Families living in public housing or homeless shelters do not have much privacy. Spaces are staffed 24/7 by security guards and social workers who are legally obligated to report to ACS if they witness anything out of the ordinary, which can happen frequently and randomly in such cramped places. A system so powerful yet so capriciously applied leaves plenty of room for bureaucratic abuse. Across New York, the threat of an agency removing children has become a weapon landlords use to force out lower-paying tenants in gentrifying neighborhoods. Ketteringham explains that “we do see cases where neighbors or people who want to cause trouble call into ACS. Everyone knows it’s the best way to blow up somebody’s life.”

The combination of near-constant surveillance and extreme punishment for poverty-linked negligence frequently leads to the removal of children from their homes, spelling disaster for families. When children are taken away after a parent is charged with a crime, the family often becomes ensnared in a well-meaning but destructive system. “Parents can be kicked out of [public] housing for arrests, often leading them to resort to single-sex shelters. This then prevents them from getting their children back from ACS until they are in a family shelter—yet with no children, there is no access to family shelter,” creating a vicious cycle, says Helene Barthelemy of The Nation.

The kids face real harm, too: Research shows that children in foster care have worse outcomes on both short- and long-term measures. Placement in foster care has been linked to increases in behavioral, psychological, developmental, and academic problems. One in four foster children ends up behind bars two years after leaving the system. Only 3 percent of foster children graduate from college. Even short-term removals that are quickly reversed can have lasting effects on vulnerable children.
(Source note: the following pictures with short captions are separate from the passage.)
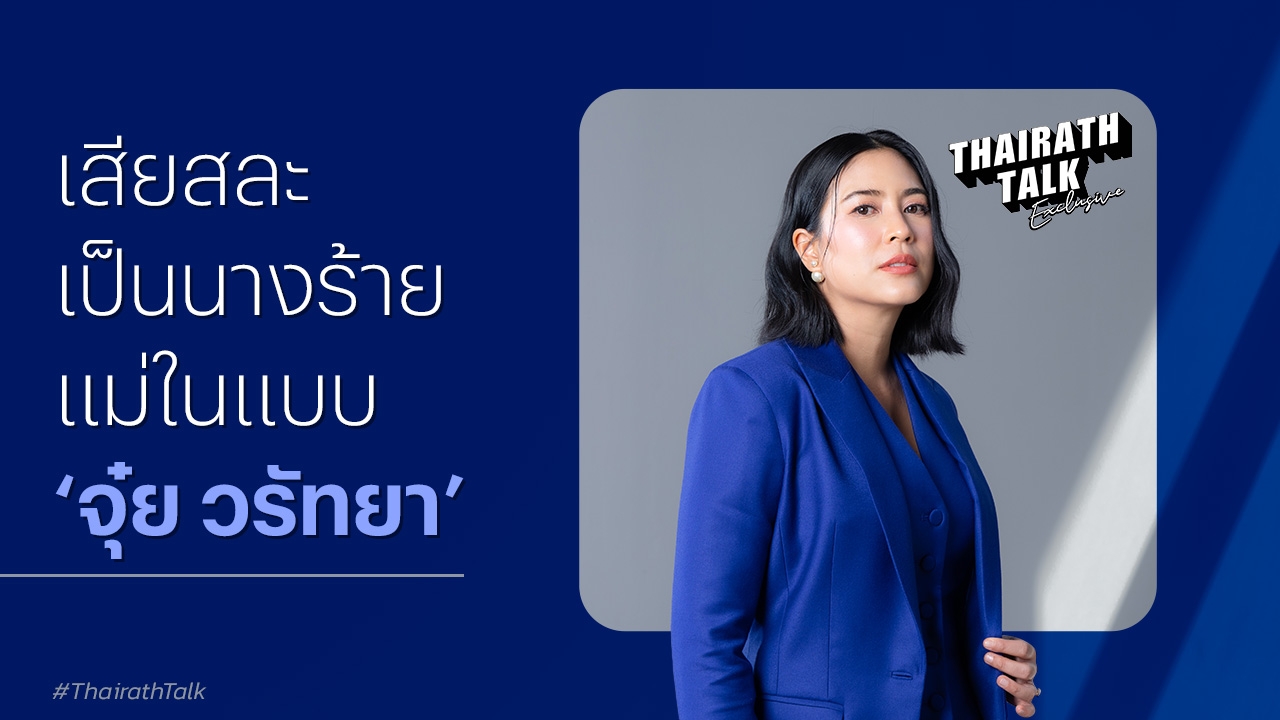 จุ๋ย วรัทยา ยอมรับต้องสวมบทร้ายในครอบครัวเพื่อลูก กังวลทุกอย่างแม้กระทั่งน้ำนมแม่ไม่มีคุณภาพ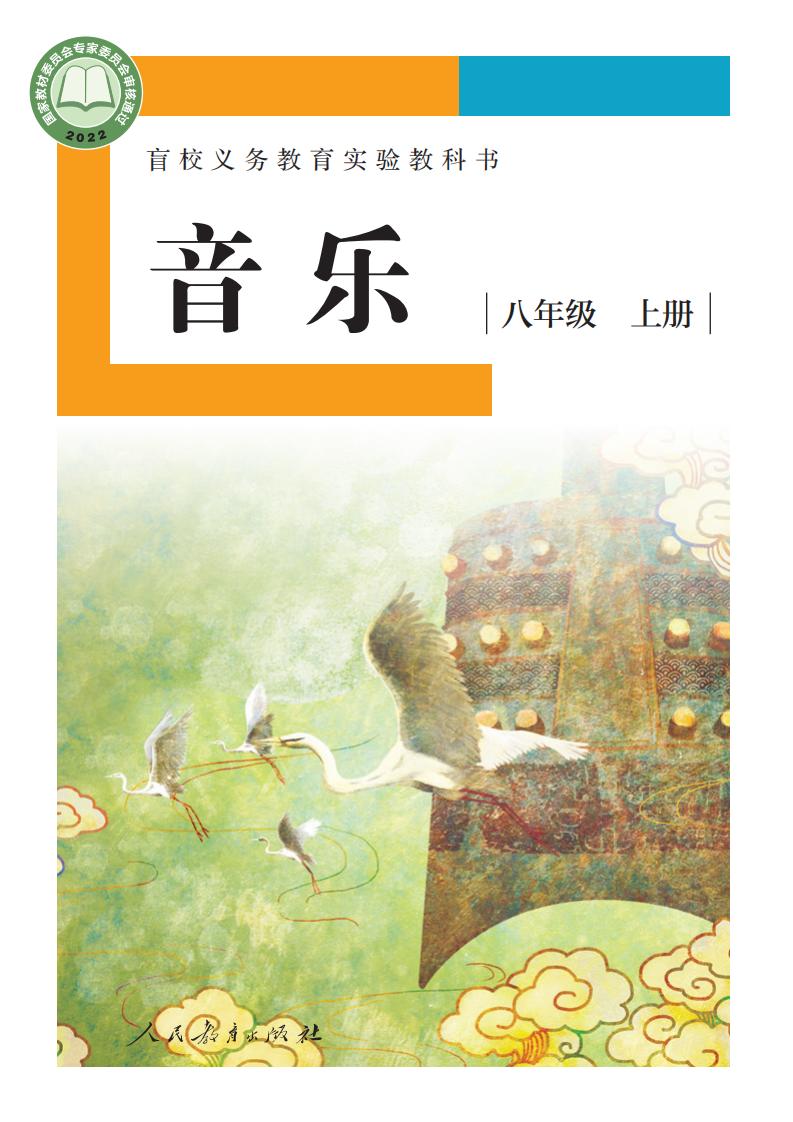 盲校义务教育实验教科书 音乐 八年级 上册（供低视力学生使用）_PDF电子书电子版下载
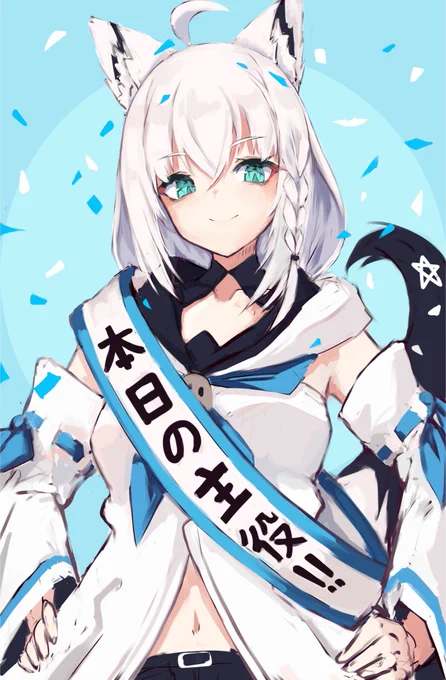 #FBKbirthday2020
#絵フブキ
フブキちゃんお誕生日おめでとうございます‼️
If the goal of the child welfare system is genuinely to protect children from abuse and neglect, parents should be able to reach out and ask for support without risk of separation. But today, many families in the Bronx fear ACS social workers more than the police. When this is the understanding between the child welfare system and the community it serves, the system is failing. According to Ketteringham, in order to solve the problems deeply entrenched in the child welfare system, “we need to transform, not reform, it, starting with the idea that permanency is more important than reuniting families.”

As a nation, we must address how we look at poverty. On both sides of the aisle, social welfare has become increasingly associated with behavioral expectations. Until we stop thinking of child neglect and child welfare issues as results of deficient characteristics and start acknowledging their deep relationship to poverty, we will continue to turn a blind eye to the larger problem of child welfare and continue to do harm to the children that public policy is trying to protect. For all the Avas and Marias of the world, maintaining the status quo is simply unacceptable.